Fabien Baussart, writing in The Times of Israel, said that the policy directive from President Xi is ending the domination of fintech heavyweights that began with Jack Ma's Ant.

Ant Group's Alipay, the digital payments app with over a billion users, is being broken up. This is the second blow to Ma after the attempted public listing of Ant, Alipay's parent company, worth USD 37 billion, was quashed last November.

Now, Alipay's "treasure trove" of consumer data is to be handed over to a partly state-owned credit-scoring firm. Its profit-making consumer lending arm may be excluded from any future IPO. A separate platform for the app's profitable lending operation would be created under the plan, said Baussart.

To add insult to injury, Ant has been asked to undertake sweeping changes in its business model, "including restructuring itself into a financial holding firm".

The Chinese regulators are also planning to break up Alipay. The regulatory measures, coincidentally, are hitting Jack Ma's companies after Ma criticised Chinese regulators last October, saying they were stifling innovation, reported The Times of Israel.

That made the regulators target Alibaba and in April, it was hit with a USD 2.8 billion fine over monopoly concerns.

While the choice of Ma's companies may be on account of his critical statement, the action is part of the CCP's move to tighten its control over big businesses in China, said Baussart.

Among the unicorns to have faced the wrath of the Chinese regulators recently are Tencent, Alibaba, Ant Group, Byte Dance and Didi Chuxing. Having seen the fate of Alibaba and Ant, most of these companies have overnight shed their high profiles and tried their best to restructure themselves to avoid the regulator's axe.
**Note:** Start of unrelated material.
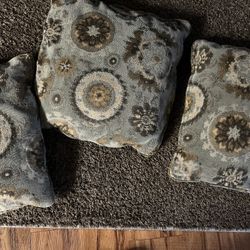 3 Pillows
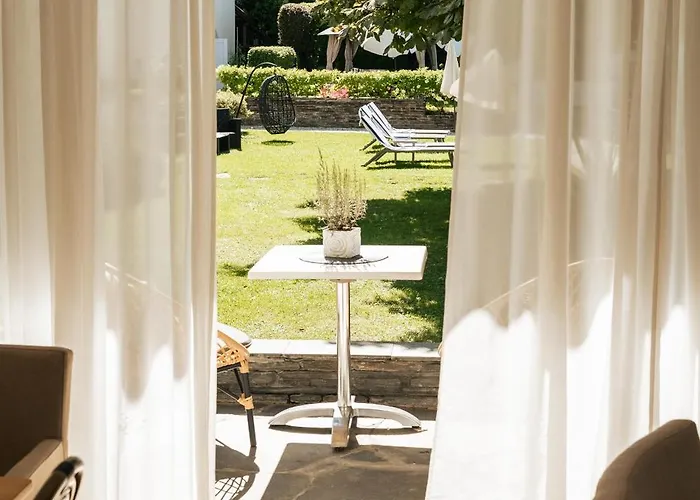 Strandhotel Kaerntnerhof מלון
From rising private tuitions to the gaming industry, which wiped out USD 1 trillion in the market value of China's four largest tech companies, the party has been undermining private enterprise systematically in the name of preserving Chinese culture and ensuring economic equality.

The regulators are simultaneously also targeting the internet giants at present on competition and privacy and cryptocurrency issues.
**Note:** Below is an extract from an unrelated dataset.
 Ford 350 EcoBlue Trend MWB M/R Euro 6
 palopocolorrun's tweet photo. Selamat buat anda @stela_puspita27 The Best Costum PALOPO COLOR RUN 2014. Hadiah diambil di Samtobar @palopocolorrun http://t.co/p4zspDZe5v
President Xi's 'common prosperity' goal is being flayed by the big businesses on the ground that it defies the logic of China becoming an economic superpower in the last two decades that was completely based on a public-private sector partnership.

Financial markets across the world, led by Wall Street, are hurriedly discussing the development in China, wondering how it would affect them and the investors.

They all agree that as the Chinese government's sudden distrust of its private sector grows, the entire tech sector is at risk of crumbling down in the country and with it the dreams of the startup unicorns that made China what it is today.

There are genuine fears in China's tech sector that the crackdown has to do with tighter control of consumer and government data and reassertion of the government's authority over the private sector while humbling the growing numbers of tech billionaires.

If this continues, private investment in the sector may dry up and the government will have to fund it itself, said Baussart.